NHS England will roll out online COVID-19 recovery portal
People in the UK who are recovering from coronavirus infections will be able to get advice from an online rehabilitation service later this month, says NHS England.
The digital health portal – called Your Covid Recovery – will eventually provide access to healthcare workers and advice for “tens of thousands” of patients who could have long-term health issues related to COVID-19.
There have been 285,000 confirmed cases of COVID-19 in the UK since the start of the pandemic, with more than 100,000 requiring hospital treatment and just over 44,000 deaths at last count.
People who get severely ill with the virus but survive can experience lingering health issues – affecting their physical and in some cases mental health – which can take weeks or months to resolve and, in some cases, may be permanent.
“Evidence shows that many of those survivors are likely to have significant ongoing health problems, including breathing difficulties, enduring tiredness, reduced muscle function, impaired ability to perform vital everyday tasks and mental health problems such as [post-traumatic stress disorder], anxiety and depression,” says NHS England.
The new portal will make nurses and physiotherapists available to help patients either online or over the phone, and is another example of how the health service is ramping up telehealth services as a result of the coronavirus crisis, according to NHS leaders.
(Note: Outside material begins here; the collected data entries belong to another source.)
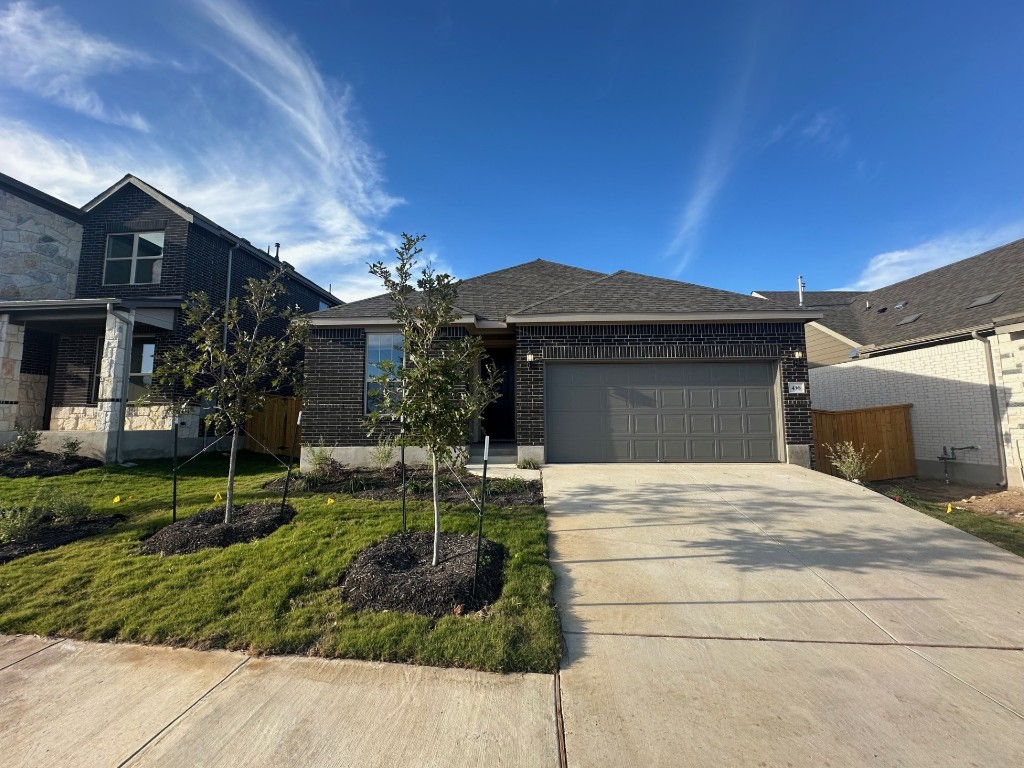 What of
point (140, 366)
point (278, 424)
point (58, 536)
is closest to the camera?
point (58, 536)

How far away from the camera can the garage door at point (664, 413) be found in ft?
32.6

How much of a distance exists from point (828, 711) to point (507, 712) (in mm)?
1874

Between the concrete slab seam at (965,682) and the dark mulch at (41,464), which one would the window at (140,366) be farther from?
the concrete slab seam at (965,682)

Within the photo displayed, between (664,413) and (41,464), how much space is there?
13293 mm

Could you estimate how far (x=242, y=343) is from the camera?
6.10m

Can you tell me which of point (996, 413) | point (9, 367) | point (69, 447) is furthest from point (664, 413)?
point (9, 367)

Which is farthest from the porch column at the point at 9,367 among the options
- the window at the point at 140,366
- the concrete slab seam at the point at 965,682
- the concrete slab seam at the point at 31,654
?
the concrete slab seam at the point at 965,682

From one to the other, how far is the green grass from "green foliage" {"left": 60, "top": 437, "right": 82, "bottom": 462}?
240 inches

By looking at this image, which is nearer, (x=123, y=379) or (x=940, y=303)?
(x=123, y=379)

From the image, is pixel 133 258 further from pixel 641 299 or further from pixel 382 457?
pixel 641 299

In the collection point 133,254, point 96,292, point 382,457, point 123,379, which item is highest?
point 133,254

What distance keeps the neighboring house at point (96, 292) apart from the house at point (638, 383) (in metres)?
4.96

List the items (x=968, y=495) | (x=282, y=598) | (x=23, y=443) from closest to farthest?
(x=282, y=598)
(x=968, y=495)
(x=23, y=443)

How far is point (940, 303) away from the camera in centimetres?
1301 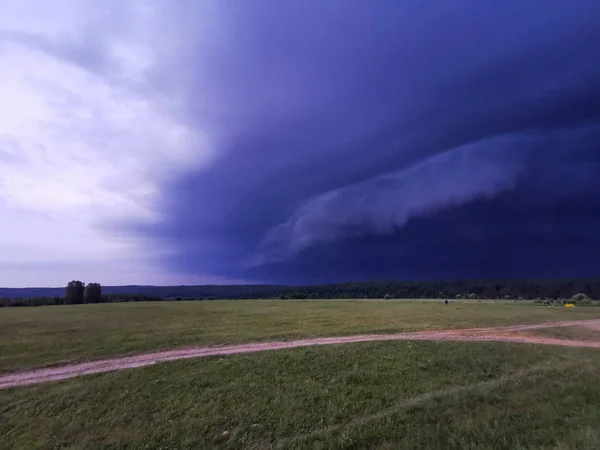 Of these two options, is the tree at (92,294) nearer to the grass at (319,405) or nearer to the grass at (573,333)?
the grass at (319,405)

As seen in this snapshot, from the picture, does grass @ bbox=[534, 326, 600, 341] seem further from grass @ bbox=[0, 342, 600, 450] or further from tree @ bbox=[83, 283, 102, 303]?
tree @ bbox=[83, 283, 102, 303]

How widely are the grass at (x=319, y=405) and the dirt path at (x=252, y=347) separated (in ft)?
4.89

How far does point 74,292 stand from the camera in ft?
338

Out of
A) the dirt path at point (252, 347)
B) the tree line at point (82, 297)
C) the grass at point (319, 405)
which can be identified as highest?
the tree line at point (82, 297)

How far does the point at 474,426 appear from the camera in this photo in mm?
12008

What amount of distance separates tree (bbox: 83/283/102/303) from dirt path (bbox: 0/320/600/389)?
96272 millimetres

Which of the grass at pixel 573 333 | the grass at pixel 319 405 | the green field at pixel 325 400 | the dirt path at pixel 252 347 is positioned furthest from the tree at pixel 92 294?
the grass at pixel 573 333

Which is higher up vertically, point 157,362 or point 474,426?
point 157,362

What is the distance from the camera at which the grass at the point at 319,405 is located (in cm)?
1173

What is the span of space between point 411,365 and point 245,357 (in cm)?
888

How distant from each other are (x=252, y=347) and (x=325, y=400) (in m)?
9.61

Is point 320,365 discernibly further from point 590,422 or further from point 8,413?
point 8,413

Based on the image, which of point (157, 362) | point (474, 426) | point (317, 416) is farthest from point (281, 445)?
point (157, 362)

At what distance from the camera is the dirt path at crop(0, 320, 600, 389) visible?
18.5 m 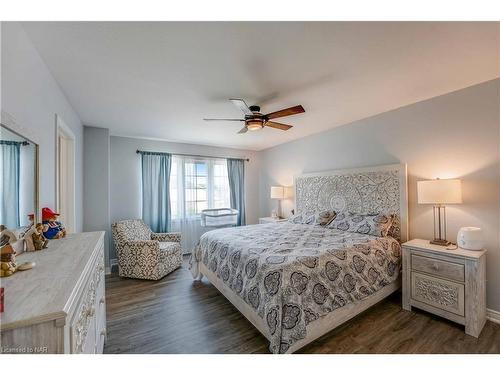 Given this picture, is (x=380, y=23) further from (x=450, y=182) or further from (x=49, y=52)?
(x=49, y=52)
It will be open to patients who recovered either in hospital or at home, providing a 12-week package of aftercare.
The portal will include a forum for survivors to contact and support each other, as well as tutorials to help recovery, for example on regaining muscle strength and lung function. Mental health support will take the form of either online interaction with a psychologist or referral for NHS treatment.
Later in the summer the service will be expanded to include tailored rehabilitation which will require a face-to-face assessment and some tests, such as an assessment of how well people are able to walk.
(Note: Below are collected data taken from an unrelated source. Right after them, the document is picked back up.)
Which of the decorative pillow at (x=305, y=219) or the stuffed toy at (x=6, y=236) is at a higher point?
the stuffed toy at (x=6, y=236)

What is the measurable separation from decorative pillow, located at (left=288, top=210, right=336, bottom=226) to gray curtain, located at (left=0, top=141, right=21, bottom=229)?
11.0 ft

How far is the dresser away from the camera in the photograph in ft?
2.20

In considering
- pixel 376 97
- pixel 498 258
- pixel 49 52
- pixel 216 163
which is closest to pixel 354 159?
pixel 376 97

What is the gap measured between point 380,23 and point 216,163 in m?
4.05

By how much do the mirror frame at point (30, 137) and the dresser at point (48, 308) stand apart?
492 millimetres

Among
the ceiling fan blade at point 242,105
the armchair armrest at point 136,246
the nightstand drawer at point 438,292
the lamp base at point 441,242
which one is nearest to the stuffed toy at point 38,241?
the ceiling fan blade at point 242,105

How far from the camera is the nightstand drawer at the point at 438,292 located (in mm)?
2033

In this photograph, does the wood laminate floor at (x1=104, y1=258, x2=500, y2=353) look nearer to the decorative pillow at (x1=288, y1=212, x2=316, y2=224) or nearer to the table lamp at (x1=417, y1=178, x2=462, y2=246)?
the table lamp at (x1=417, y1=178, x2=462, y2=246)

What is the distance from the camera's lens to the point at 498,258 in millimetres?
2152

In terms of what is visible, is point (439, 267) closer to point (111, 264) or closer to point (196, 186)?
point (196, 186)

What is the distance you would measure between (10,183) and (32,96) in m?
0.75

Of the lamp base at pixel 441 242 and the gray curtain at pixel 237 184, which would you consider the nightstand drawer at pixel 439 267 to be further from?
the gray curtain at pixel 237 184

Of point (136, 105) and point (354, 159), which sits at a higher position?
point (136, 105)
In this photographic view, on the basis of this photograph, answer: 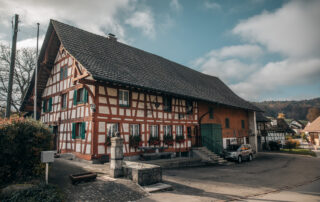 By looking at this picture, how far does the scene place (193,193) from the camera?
8.41 m

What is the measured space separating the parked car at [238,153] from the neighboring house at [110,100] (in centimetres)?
154

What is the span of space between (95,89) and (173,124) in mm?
7299

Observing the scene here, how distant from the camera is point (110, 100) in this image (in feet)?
44.9

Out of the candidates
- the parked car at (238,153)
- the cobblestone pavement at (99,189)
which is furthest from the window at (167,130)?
the cobblestone pavement at (99,189)

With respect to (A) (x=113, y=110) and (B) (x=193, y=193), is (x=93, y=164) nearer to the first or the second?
(A) (x=113, y=110)

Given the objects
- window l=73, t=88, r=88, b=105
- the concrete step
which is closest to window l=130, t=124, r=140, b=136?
window l=73, t=88, r=88, b=105

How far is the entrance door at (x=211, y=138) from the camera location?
66.4 ft

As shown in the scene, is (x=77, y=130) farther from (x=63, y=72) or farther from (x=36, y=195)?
(x=36, y=195)

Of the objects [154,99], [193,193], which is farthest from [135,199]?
[154,99]

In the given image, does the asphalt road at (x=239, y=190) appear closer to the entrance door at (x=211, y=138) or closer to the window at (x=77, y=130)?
the window at (x=77, y=130)

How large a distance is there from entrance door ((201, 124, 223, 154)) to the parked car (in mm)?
1252

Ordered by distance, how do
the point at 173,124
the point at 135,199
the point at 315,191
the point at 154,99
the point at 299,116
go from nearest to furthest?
the point at 135,199, the point at 315,191, the point at 154,99, the point at 173,124, the point at 299,116

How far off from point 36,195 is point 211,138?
1644 centimetres

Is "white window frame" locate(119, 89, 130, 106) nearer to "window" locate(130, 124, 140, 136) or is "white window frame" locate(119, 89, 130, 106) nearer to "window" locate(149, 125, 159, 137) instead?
"window" locate(130, 124, 140, 136) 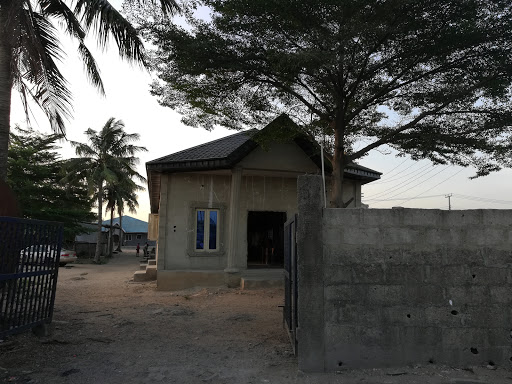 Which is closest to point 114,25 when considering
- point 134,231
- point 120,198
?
point 120,198

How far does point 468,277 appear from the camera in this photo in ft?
14.5

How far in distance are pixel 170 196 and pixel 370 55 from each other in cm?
731

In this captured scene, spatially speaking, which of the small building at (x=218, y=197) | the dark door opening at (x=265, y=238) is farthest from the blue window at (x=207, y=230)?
the dark door opening at (x=265, y=238)

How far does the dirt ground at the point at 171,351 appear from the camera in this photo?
Result: 4.20 metres

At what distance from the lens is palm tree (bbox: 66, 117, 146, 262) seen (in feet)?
89.4

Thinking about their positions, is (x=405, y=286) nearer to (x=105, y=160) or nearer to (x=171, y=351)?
(x=171, y=351)

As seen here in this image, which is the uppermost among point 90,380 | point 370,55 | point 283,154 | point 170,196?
point 370,55

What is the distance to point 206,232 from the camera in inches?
488

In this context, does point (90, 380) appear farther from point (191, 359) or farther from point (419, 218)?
point (419, 218)

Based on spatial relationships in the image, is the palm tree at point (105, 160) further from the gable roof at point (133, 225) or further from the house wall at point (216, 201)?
the gable roof at point (133, 225)

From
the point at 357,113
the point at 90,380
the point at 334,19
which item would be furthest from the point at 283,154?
the point at 90,380

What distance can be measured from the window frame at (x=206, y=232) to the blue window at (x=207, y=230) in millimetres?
35

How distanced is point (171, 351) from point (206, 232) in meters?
7.20

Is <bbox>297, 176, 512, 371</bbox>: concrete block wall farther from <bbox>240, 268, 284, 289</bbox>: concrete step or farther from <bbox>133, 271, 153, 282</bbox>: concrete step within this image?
<bbox>133, 271, 153, 282</bbox>: concrete step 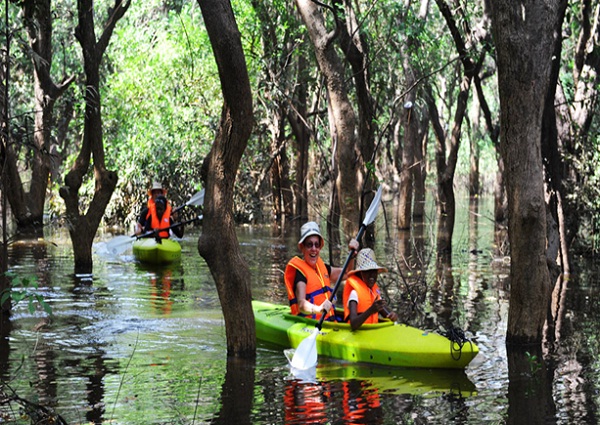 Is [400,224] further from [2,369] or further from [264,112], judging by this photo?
[2,369]

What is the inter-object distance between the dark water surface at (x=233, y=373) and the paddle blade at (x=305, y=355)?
16cm

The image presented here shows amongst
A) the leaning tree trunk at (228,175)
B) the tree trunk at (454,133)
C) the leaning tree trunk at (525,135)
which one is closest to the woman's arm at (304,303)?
the leaning tree trunk at (228,175)

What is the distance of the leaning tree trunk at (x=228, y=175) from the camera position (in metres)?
8.07

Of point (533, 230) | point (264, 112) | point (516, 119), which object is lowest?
point (533, 230)

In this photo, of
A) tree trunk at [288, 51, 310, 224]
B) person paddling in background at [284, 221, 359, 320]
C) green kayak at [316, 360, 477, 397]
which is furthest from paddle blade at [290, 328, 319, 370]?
tree trunk at [288, 51, 310, 224]

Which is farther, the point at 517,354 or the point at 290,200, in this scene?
the point at 290,200

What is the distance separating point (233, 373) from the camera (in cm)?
884

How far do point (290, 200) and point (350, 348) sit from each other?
2069 centimetres

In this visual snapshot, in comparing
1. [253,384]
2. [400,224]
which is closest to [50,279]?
[253,384]

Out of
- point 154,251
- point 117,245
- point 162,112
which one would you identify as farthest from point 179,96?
point 154,251

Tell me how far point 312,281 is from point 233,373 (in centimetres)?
151

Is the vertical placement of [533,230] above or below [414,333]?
above

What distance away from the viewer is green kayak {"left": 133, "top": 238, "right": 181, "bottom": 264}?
17.8 meters

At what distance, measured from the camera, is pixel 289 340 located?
396 inches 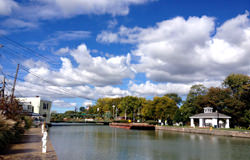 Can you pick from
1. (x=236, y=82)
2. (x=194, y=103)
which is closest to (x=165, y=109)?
(x=194, y=103)

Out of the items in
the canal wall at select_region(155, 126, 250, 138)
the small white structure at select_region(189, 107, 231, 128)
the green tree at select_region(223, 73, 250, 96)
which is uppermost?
the green tree at select_region(223, 73, 250, 96)

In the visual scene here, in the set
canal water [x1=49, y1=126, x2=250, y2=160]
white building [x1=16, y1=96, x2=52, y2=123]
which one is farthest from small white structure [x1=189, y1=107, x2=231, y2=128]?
white building [x1=16, y1=96, x2=52, y2=123]

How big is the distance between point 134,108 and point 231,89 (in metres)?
46.2

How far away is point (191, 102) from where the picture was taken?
7462cm

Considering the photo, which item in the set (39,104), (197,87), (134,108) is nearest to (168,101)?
(197,87)

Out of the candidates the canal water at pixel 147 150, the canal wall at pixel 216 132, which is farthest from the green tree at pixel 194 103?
the canal water at pixel 147 150

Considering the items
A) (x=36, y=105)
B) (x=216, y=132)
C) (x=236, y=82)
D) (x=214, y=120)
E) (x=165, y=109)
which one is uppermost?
(x=236, y=82)

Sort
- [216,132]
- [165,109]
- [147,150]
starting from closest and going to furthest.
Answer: [147,150] → [216,132] → [165,109]

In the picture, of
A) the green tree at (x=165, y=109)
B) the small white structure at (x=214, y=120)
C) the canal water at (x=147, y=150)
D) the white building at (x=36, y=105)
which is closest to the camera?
the canal water at (x=147, y=150)

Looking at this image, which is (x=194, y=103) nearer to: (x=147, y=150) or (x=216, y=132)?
(x=216, y=132)

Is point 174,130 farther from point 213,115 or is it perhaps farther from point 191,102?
point 191,102

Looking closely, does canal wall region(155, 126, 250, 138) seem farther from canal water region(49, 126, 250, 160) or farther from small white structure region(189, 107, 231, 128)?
canal water region(49, 126, 250, 160)

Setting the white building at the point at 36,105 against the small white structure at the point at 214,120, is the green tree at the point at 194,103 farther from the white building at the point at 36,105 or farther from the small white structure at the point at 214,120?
the white building at the point at 36,105

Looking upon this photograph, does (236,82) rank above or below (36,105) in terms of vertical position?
above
That side of the service is currently being developed by a team in Leicester – currently experiencing a spike in coronavirus cases and still subject to lockdown – led by Prof Sally Singh of the University of Leicester.
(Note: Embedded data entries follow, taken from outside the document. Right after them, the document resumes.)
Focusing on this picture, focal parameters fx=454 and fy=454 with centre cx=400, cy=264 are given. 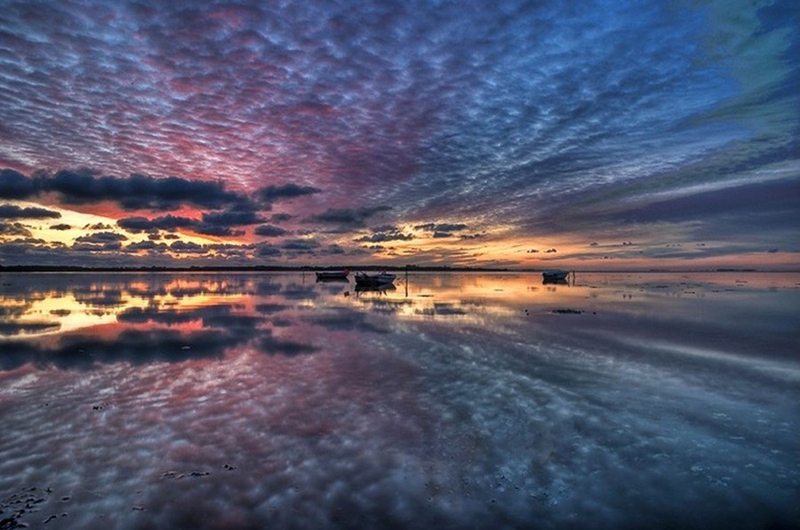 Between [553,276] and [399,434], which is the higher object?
[553,276]

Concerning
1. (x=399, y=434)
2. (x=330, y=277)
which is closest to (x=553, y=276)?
(x=330, y=277)

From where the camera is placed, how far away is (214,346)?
2198 cm

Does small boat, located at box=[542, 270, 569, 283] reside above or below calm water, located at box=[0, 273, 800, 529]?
above

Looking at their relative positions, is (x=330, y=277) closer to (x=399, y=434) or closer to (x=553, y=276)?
(x=553, y=276)

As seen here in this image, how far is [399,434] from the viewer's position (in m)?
10.6

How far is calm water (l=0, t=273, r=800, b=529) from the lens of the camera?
24.0 ft

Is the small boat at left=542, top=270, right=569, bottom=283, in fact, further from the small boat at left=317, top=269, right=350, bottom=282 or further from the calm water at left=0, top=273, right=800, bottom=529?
the calm water at left=0, top=273, right=800, bottom=529

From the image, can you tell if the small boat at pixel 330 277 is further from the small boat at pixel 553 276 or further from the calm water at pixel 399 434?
the calm water at pixel 399 434

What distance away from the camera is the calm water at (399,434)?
24.0 ft

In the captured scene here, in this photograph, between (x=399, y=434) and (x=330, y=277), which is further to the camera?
(x=330, y=277)

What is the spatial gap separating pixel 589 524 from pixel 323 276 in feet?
395

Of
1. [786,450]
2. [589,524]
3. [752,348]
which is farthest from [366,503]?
[752,348]

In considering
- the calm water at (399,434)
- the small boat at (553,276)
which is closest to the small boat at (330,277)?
the small boat at (553,276)

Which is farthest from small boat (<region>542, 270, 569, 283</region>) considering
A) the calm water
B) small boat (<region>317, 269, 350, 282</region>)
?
the calm water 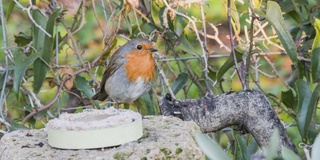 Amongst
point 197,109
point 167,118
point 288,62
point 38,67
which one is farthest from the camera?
point 288,62

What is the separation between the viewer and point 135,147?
1862mm

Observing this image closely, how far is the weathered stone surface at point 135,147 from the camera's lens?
1.83 meters

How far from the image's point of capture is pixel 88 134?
188 centimetres

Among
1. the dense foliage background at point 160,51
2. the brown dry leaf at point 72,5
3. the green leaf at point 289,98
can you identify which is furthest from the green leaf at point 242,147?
the brown dry leaf at point 72,5

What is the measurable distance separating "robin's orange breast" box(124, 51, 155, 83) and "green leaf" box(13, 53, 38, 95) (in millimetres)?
499

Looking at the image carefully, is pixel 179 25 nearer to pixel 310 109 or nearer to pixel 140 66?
pixel 140 66

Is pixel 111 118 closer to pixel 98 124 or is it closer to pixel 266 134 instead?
pixel 98 124

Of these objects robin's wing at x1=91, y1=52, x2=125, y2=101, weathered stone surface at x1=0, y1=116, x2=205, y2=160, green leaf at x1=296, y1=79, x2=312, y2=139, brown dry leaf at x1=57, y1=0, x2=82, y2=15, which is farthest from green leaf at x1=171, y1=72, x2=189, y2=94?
weathered stone surface at x1=0, y1=116, x2=205, y2=160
“This will be one of the first sites in the world rolled out nationally seeking to address potential post-COVID symptoms and support people on the road to recovery,” said Prof Singh.
Long-term health study
The launch of Your Covid Recovery coincided with a new study by the UK National Institute for Health Research (NIHR) into the long-term health effects of COVID-19 on hospitalised patients, backed by £8.4 million of government funding.
The PHOSP-COVID study will recruit around 10,000 people who will be assessed over a 12-month period using a battery of tests, including blood samples and lung volume measurements, to examine the recovery process and look for biomarkers.
The hope is that it will identify the most effective treatment and rehabilitation strategies that can then be used in future to guide the management of new coronavirus cases.
Further sub-trials are also planned that will zero in on patients with specific long-term health issues caused by COVID-19, such as “kidney damage, or lasting heart and circulatory problems,” according to the NIHR.
“As we emerge from the first wave of the pandemic, we have new insights into the acute phase of this disease but very little information about patients’ long-term needs,” says lead investigator Prof Chris Brightling of Leicester University.
“It is vitally important that we rapidly gather evidence on the longer term consequences of contracting severe COVID-19 so we can develop and test new treatment strategies for them and other people affected by future waves of the disease.”